** MATERIAL FOR THIS EXERCISE follows **

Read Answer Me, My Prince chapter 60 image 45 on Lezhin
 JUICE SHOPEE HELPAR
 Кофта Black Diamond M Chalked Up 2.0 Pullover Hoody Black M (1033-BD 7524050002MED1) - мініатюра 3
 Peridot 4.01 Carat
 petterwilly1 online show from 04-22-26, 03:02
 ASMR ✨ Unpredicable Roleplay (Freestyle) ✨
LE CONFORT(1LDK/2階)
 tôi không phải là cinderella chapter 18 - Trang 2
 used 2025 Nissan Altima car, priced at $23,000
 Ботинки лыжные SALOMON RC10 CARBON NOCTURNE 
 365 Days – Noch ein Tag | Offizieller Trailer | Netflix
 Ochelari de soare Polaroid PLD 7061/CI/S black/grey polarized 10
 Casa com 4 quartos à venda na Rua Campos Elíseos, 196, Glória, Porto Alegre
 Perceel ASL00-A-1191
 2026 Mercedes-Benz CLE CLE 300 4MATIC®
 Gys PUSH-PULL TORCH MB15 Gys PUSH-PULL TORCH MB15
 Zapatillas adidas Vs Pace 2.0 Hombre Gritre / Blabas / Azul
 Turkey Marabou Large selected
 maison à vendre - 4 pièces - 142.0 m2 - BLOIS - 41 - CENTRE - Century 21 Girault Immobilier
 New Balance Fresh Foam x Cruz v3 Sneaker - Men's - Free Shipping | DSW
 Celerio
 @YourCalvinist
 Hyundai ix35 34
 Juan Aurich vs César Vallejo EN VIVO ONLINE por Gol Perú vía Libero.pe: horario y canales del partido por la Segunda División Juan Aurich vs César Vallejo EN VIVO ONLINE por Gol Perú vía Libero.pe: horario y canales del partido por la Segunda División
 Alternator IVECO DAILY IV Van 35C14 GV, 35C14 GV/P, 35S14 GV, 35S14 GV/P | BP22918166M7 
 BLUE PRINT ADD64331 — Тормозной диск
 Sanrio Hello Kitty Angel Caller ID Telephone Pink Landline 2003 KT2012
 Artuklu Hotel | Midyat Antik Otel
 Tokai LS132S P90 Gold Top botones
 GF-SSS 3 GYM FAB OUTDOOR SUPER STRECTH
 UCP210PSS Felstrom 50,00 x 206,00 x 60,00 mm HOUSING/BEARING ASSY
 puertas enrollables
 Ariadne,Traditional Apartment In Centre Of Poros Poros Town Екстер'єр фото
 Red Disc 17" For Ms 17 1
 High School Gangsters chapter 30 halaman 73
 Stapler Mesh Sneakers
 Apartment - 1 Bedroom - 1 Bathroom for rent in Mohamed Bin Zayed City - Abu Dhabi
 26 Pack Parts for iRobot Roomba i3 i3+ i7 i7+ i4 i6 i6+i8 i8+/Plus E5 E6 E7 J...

** End of MATERIAL FOR THIS EXERCISE **

* **GOAL OF THE EXERCISE**
Look through the entries above, and wherever a line holds the word "Apartment", copy it.

* **OUTPUT FOR THIS TASK**
 Ariadne,Traditional Apartment In Centre Of Poros Poros Town Екстер'єр фото
 Apartment - 1 Bedroom - 1 Bathroom for rent in Mohamed Bin Zayed City - Abu Dhabi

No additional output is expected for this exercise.